So a little bit about Datadog itself. We are a monitoring company, we provide monitoring for different things from hardware servers to databases, web servers…we collect application performance monitoring, metrics, logs, etc. And obviously, we alert.

But no worries, the talk is not gonna be about Datadog at all. This is a little bit of content that I’m gonna go through.

And first of all, for those who arrived to New York, welcome to New York. It’s been waiting for you.

Back to serious problems. This is a description of the data that we have.

How Datadog Used To Capture Historical Metrics

We capture org IDs, metric IDs, some timestamps, values, and this goes through a certain map that distributes the payloads to top Kafka topics and partitions. So a certain metric will always go to a certain topic and partition.
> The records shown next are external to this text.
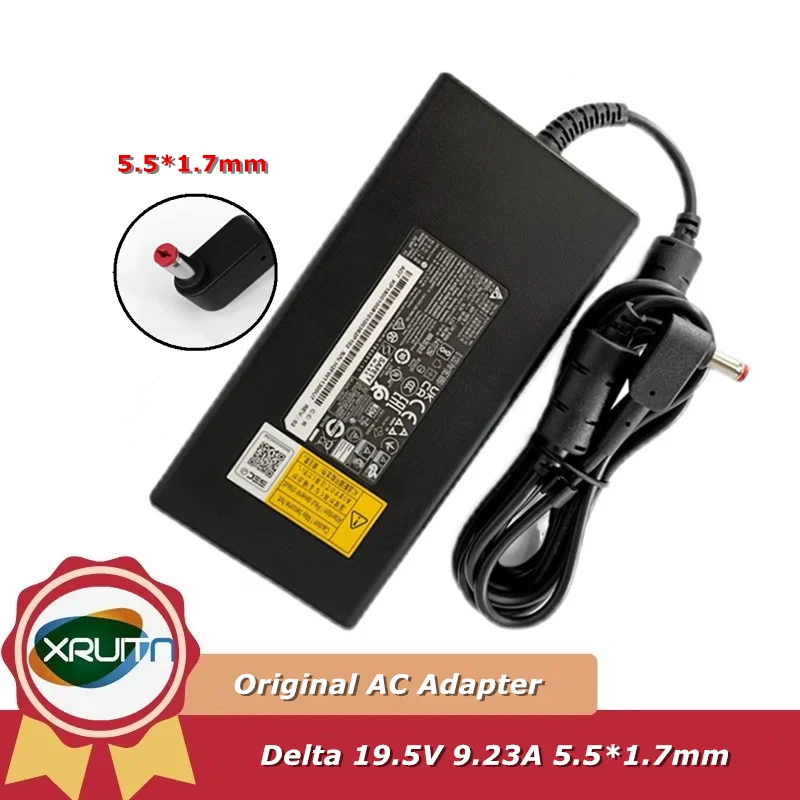 

Genuine ADP-180TB F Delta Laptop Adapter 19.5V 9.23A 180W For ACER NITRO 5 AN517-41 AN715-51 Charger H2FW071043K Power Supply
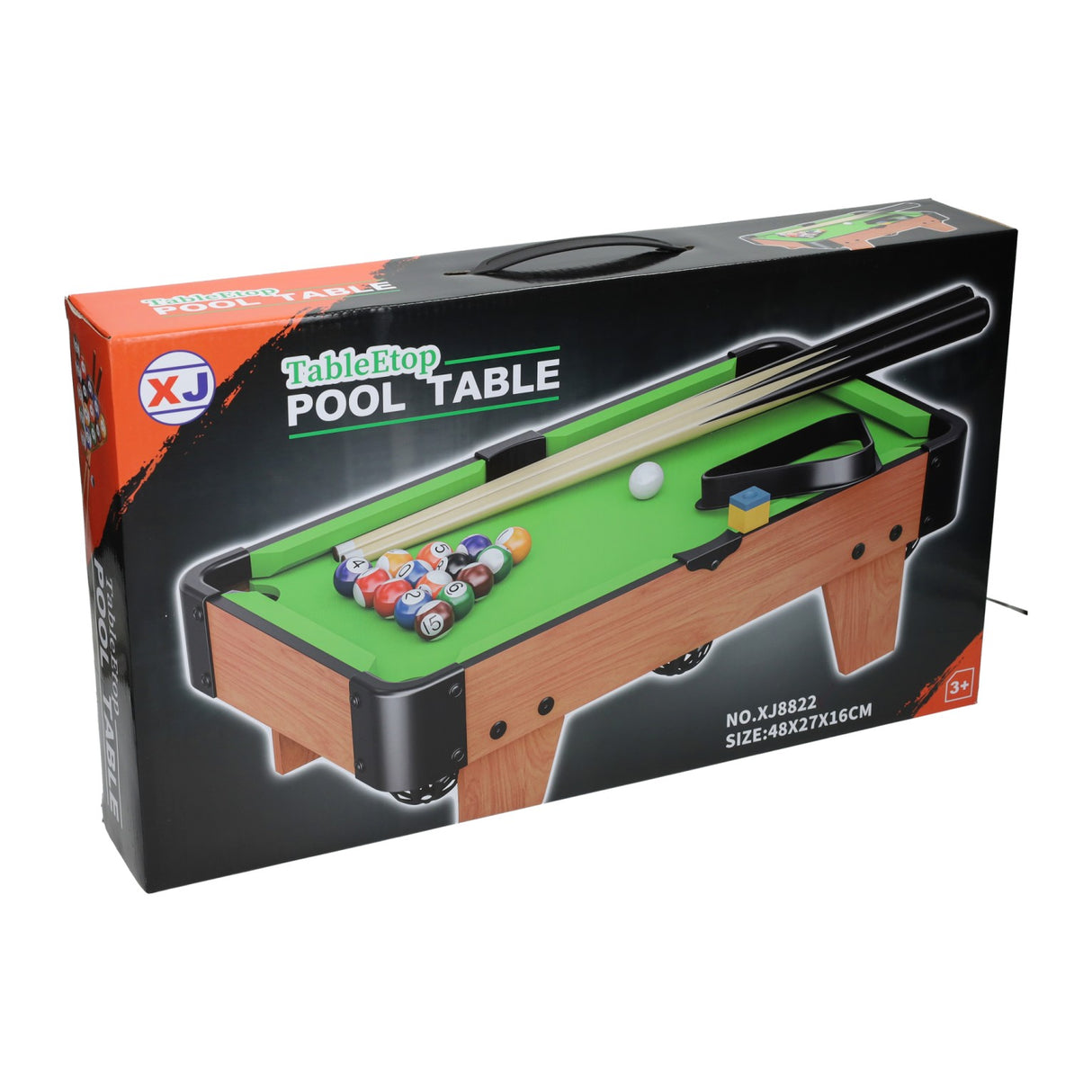 Tafel pooltafel - 48cm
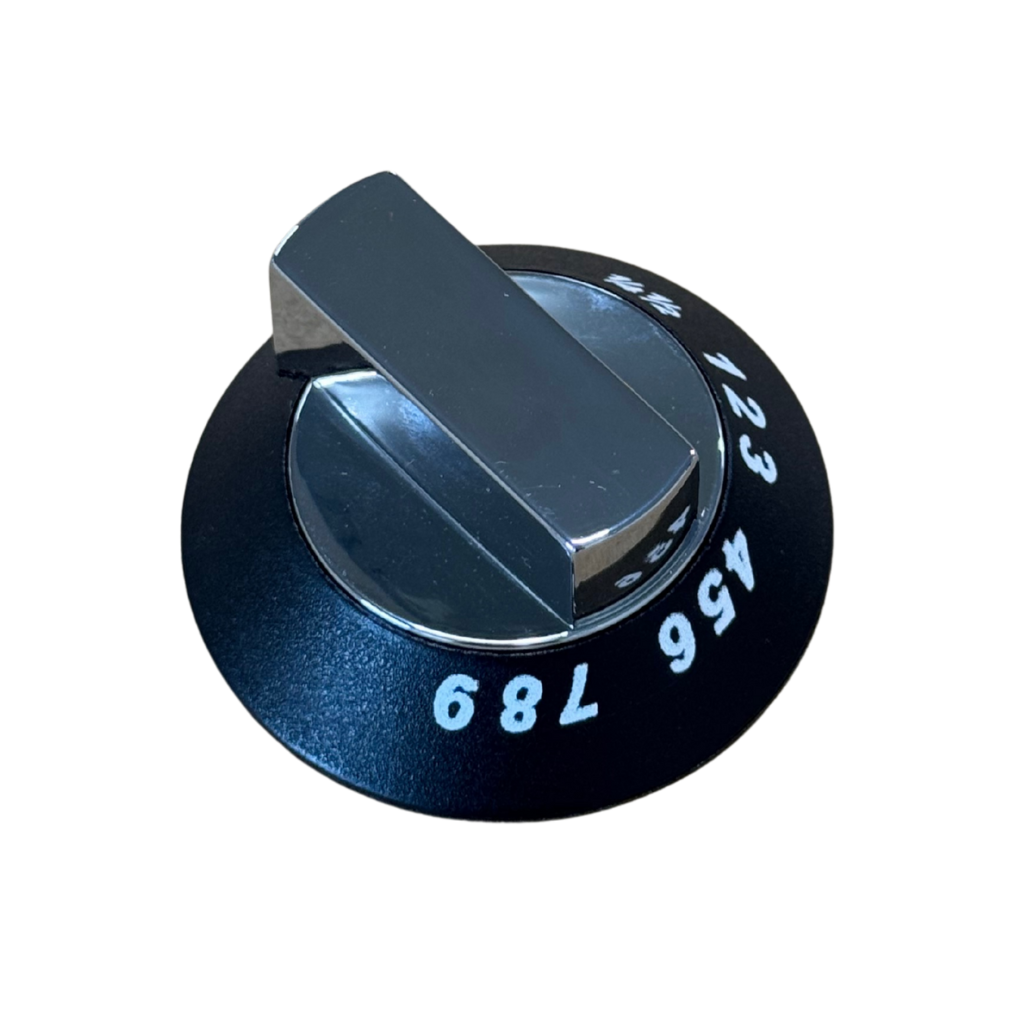 Thetford SPCC0595.CR Chrome Oven Control Knob - Suit Spinflo MK3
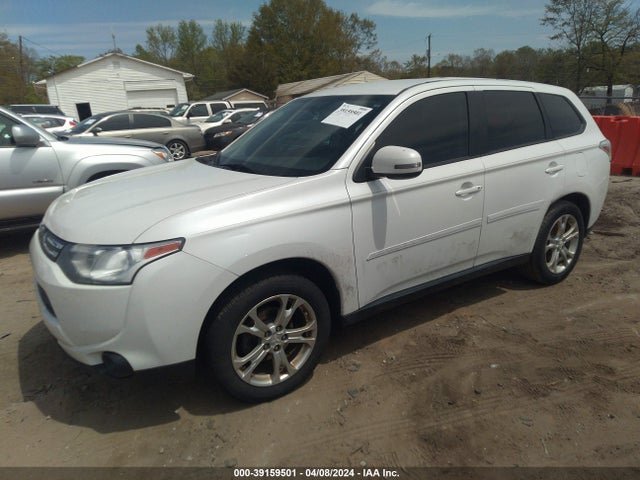 Mitsubishi Outlander Se 2014 JA4AD3A37EZ006734 Image 2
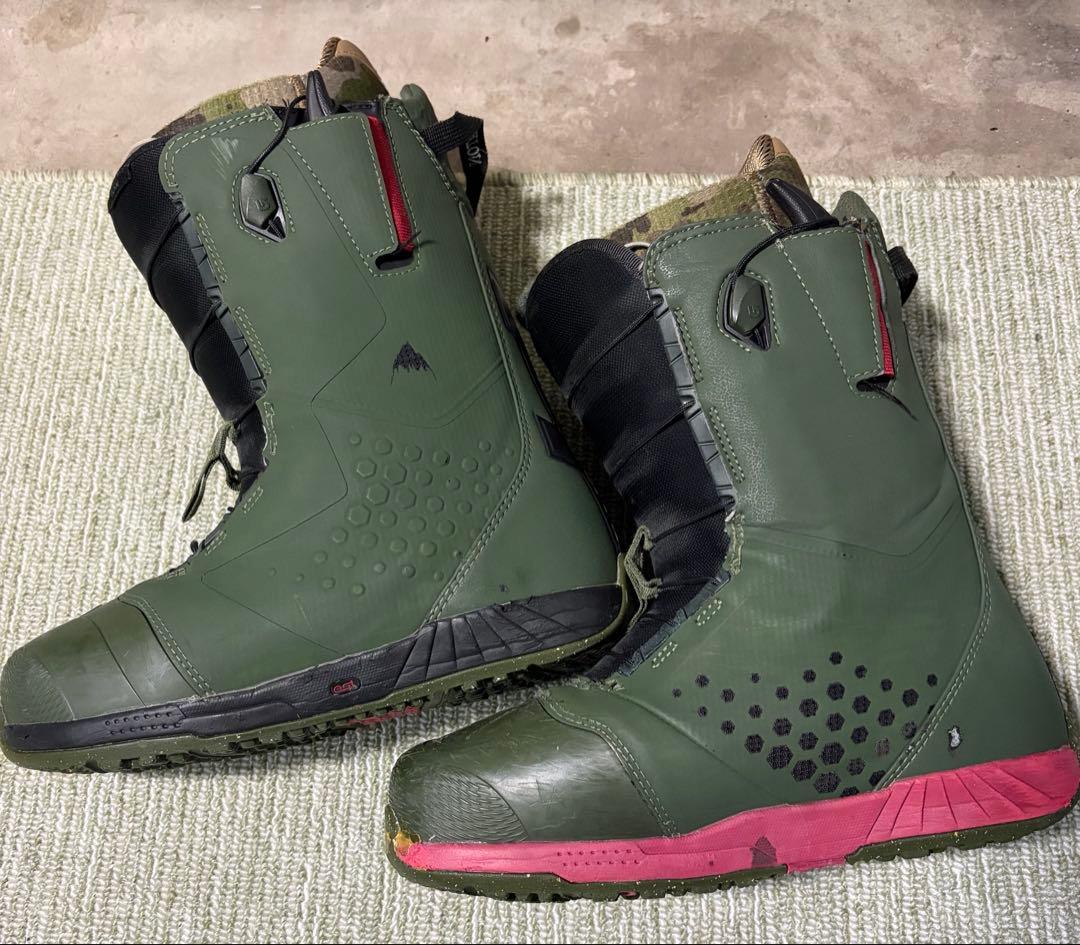 17-18 モデル Burton ion Asian 27〜27.5 cm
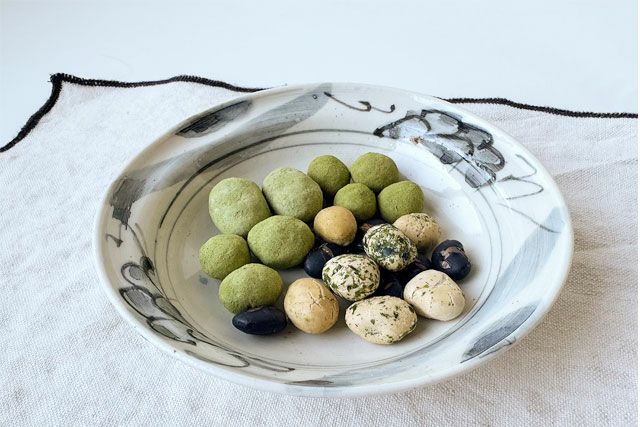 抹茶・みどり色推し豆菓子セット | 楽豆屋
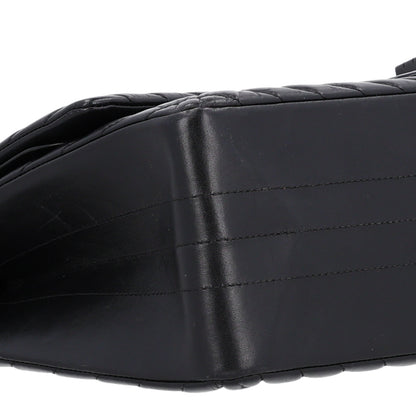 Chanel Aged Calfskin Chevron Quilted 2.55 Reissue 227 Flap So Black 9 of 10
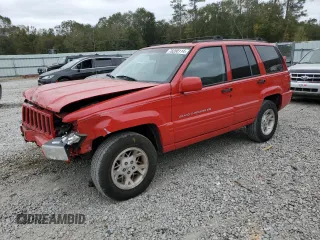 1998 Jeep Grand Cherokee Limited with VIN 1J4GZ78S0WC276411, listed as a Copart auction lot 78200114 with 220,856 mi miles and Salvage Title. Bid and sale history available at carsss.com. Image 1.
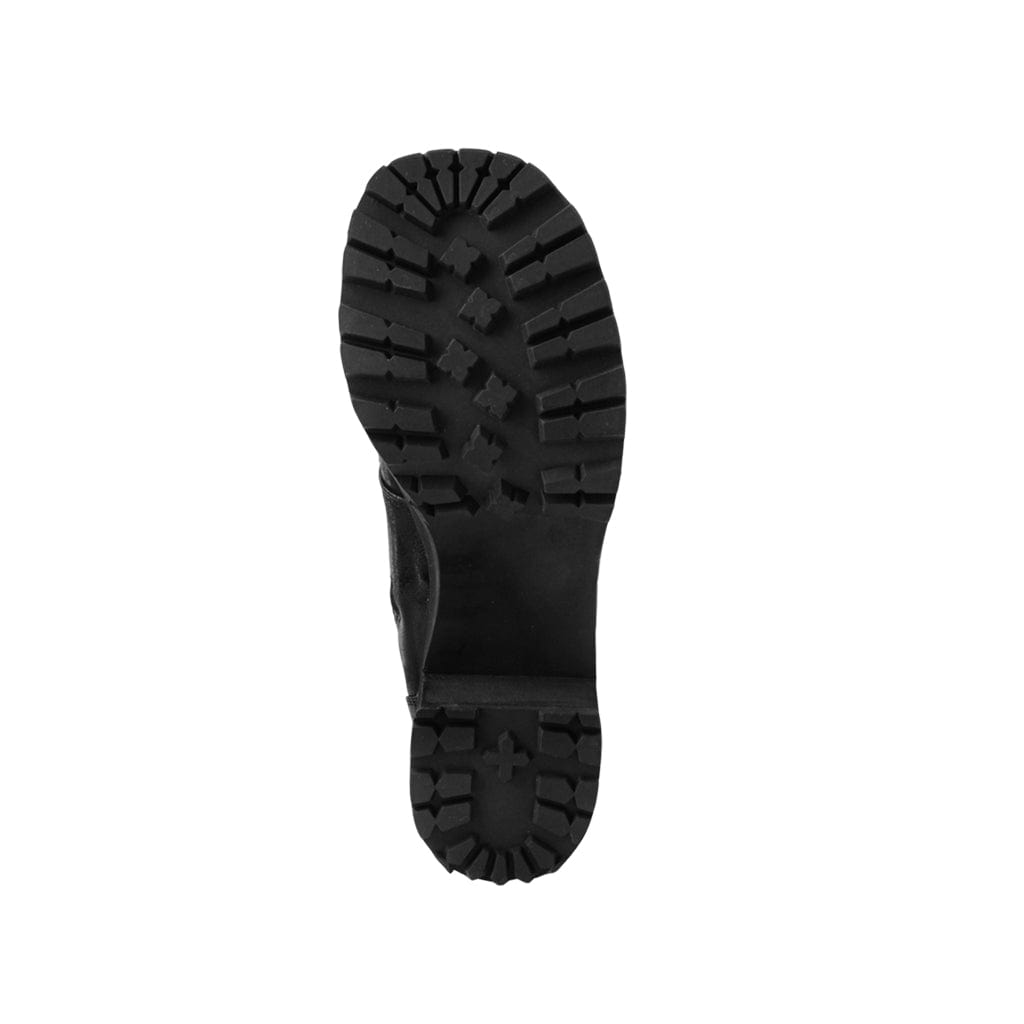 TUK Shoes Nosebleed 2-Buckle Nosebleed Platform Boot Black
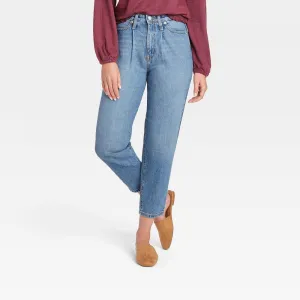 A New Day Women's High-Rise Stretch Carrot Leg Slim Jeans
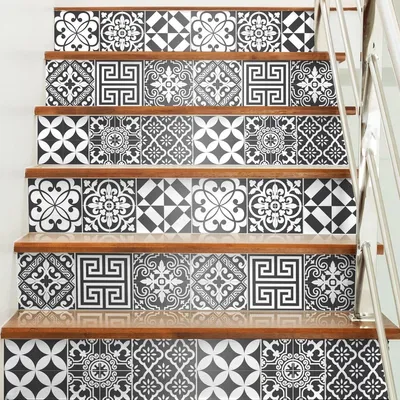 Imagen del producto de Juego de 60 adhesivos decorativos para pared en varios colores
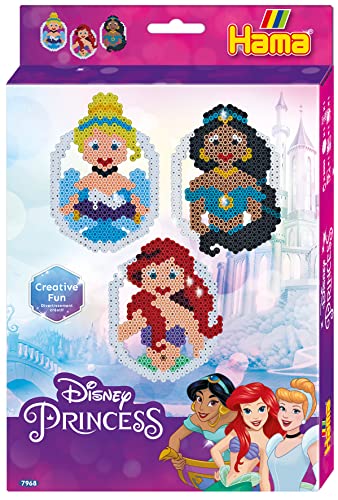 Perles à repasser Hama coffret princesses 2000 perles, le cadeau d'anniversaire idéal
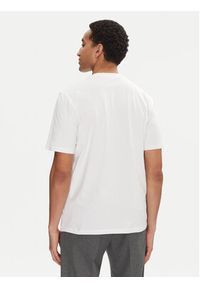 Jack & Jones - Jack&Jones T-Shirt Pacer Photo 12273775 Biały Relaxed Fit. Kolor: biały. Materiał: bawełna #8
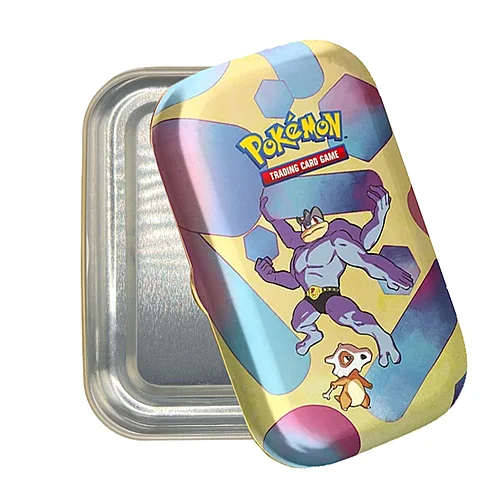 151: Machamp Empty Mini Tin — 151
And from there, different topics and partitions are consumed by a host or a single consumer, and then this consumer writes data to different files, one file per metric ID. And after that, it encodes and compresses and writes custom binary files to S3 every X hours.

This whole system powers historical metrics at Datadog, so once you go on dashboards older than one day, the system is gonna use files produced by that system.

The problem with that original system is that one host has hard limit on the number of file descriptors, which is one million.

So once we hit one million file descriptors, we have to split topics and partitions across new hosts and new consumers, and for that we had to set timestamps when new must start consuming, old stop consuming, and so on. And this manual process is really prone to mistakes.

The other problem is that once you have a host having high CPU usage, you split it and you have couple of hosts that have 50% utilization, and you’re basically paying extra money for some resources that you are not gonna use until you ramp up your topics and partitions.

And the other problem is once you go to one partition per host and you hit one million file descriptors, you basically have no room to upscale. And if you’re no dice, you have to start a new instance, reset Kafka offsets, replay data for the past X hours, and that’s a huge manual process.

The other part that is difficult is that it’s difficult to predict like which org and metric is gonna be big, so this system creates some hot, big topics and partitions which creates problems downstream.

Requirements for a new system

So we decided to create a new system that…a new service that automatically balances orgs and metrics across different topics and partitions, so each Kafka topic partition is equally sized.

But that means that we now have to consume all the data and we don’t know in which exact partition our metric is stored.

So out of this, we got the requirements to the new system.

Conceptually, it must work with the new partitioning schema. It must be able to handle 10X growth if we grow like twice…if we double our size of data every year, it must work for the next three years.

We got…we have to keep the cost at the same level as the existing system which was a little bit tricky.

And it must be as fast as the existing system which is also tricky.

But besides conceptual problems or conceptual requirements, we had operational requirements.

So the system must be easily scalable without much manual intervention. We should minimize impact on Kafka. We should reduce data retention time. It should still be able to replay data easily in case we have some bugs.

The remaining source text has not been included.